L’obiettivo è il Papa

 

L’obiettivo dell’enorme clamore mediatico sollevato dopo la revoca della scomunica ai vescovi ordinati da mons. Lefebvre è danneggiare Benedetto XVI e il suo Magistero. In particolare la sua volontà di dare attuazione ai documenti del Vaticano Il e di ricucire fratture antiche e recenti che hanno ferito l’unità della Chiesa, nuocendo alla sua natura missionaria.

 

Per 27 anni papa Giovanni Paolo Il ha parlato ai popoli di tutto il mondo, letteralmente “portando” a ognuno di essi un messaggio di rinascita cristiana legato al principio che ogni dialogo dei cattolici con altre culture, e con le rispettive istituzioni, presuppone la consapevolezza della propria fede e dell’identità culturale che ne deriva.
Il suo successore Benedetto XVI sta cercando di dare una veste giuridica e organizzativa al messaggio di Giovanni Paolo Il, attraverso provvedimenti che possano rimanere nel tempo.
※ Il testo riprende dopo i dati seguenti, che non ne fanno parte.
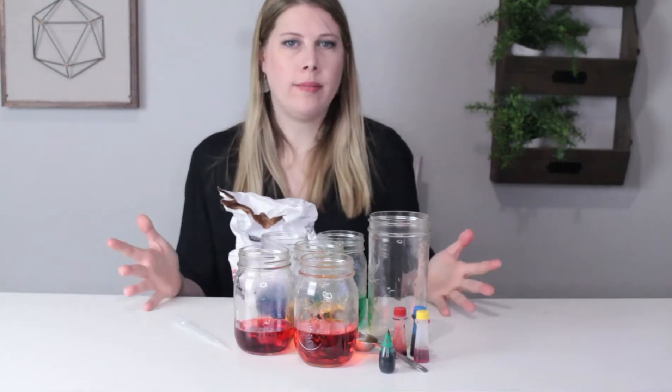Welcome to another episode of the Jarring Science Club. I'm your host, Brenda. Today you're going to be making a sugar density tower. Let's get to it.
E questo dispiace a molti, fuori e dentro la Chiesa, che male sopportano l’idea di una comunità cattolica consapevole della propria identità e della relativa missione.
Credo che anche la polemica sollevata con un clamore mediatico incredibile e sproporzionato seguita alla revoca della scomunica (21 gennaio 2009) inflitta il 10 luglio 1988 ai vescovi ordinati da mons. Marcel Lefebvre e alle dichiarazioni sull’inesistenza delle camere a gas nei campi di concentramento nazionalsocialisti da parte di uno dei quattro vescovi, mons. Richard Williamson, debbano essere lette all’interno di questo schema. Infatti, nella stessa dinamica con cui si sono svolti i fatti c’è qualcosa che non torna.
Le dichiarazioni di mons. Williamson (che non hanno nulla a che fare con il suo ministero episcopale) sono state rilasciate a una tv svedese il 10 novembre e utilizzate tre mesi dopo, in occasione della revoca della scomunica; senza questo fatto, è facile pensare che sarebbero rimaste inutilizzate negli archivi della stessa tv per chissà quanto tempo. Come ha scritto il Presidente della Cei card. Angelo Bagnasco in occasione della prolusione del Consiglio permanente, le dichiarazioni del vescovo Williamson sono state riprese strumentalmente e «in un momento nel quale non manca purtroppo nei media nazionali qualche voce di critica ideologica e preconcetta» nei confronti del Pontefice.
«Qualche voce» è diventata una vera e propria campagna mediatica rivolta a incrinare l’immagine del Papa, subdola perché non rivolta a lui personalmente (per ora) ma a sue iniziative, ritenute sbagliate, imprudenti, come appunto la revoca della scomunica.
Perché contro il Papa?
Ci si può chiedere perché e chi voglia ostacolare i tentativi che, in diverse direzioni, il Papa sta cercando di mettere in atto per restaurare l’unità della Chiesa. Una chiave di lettura autorevole del suo pontificato in questo senso viene dal segretario di Stato, cardo Tarcisio Bertone, in una conferenza tenuta negli stessi giorni della crisi successiva alla revoca della scomunica.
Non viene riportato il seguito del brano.